[Crawled caption data]

● ● ● ● ●

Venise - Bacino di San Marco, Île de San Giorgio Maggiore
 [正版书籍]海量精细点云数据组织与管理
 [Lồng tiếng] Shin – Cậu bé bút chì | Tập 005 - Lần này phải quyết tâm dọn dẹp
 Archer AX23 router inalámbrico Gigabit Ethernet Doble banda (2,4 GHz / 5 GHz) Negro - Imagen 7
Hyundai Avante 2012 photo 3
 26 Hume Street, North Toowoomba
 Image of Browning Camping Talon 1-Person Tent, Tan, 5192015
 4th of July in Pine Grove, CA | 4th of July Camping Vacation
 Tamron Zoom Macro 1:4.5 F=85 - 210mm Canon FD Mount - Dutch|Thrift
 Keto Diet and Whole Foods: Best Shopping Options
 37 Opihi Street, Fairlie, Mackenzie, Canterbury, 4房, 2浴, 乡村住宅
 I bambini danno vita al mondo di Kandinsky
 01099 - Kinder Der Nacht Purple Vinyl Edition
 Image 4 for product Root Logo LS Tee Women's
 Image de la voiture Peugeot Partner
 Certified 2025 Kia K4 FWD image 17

● ● ● ● ●

| WHAT THE EXERCISE ASKS |
Copy the lines of the data above exactly as written, beginning with the line containing "[Lồng tiếng] Shin" and ending with the line containing "Keto Diet and", and leave out all other lines.

| WRITTEN RESPONSE |
 [Lồng tiếng] Shin – Cậu bé bút chì | Tập 005 - Lần này phải quyết tâm dọn dẹp
 Archer AX23 router inalámbrico Gigabit Ethernet Doble banda (2,4 GHz / 5 GHz) Negro - Imagen 7
Hyundai Avante 2012 photo 3
 26 Hume Street, North Toowoomba
 Image of Browning Camping Talon 1-Person Tent, Tan, 5192015
 4th of July in Pine Grove, CA | 4th of July Camping Vacation
 Tamron Zoom Macro 1:4.5 F=85 - 210mm Canon FD Mount - Dutch|Thrift
 Keto Diet and Whole Foods: Best Shopping Options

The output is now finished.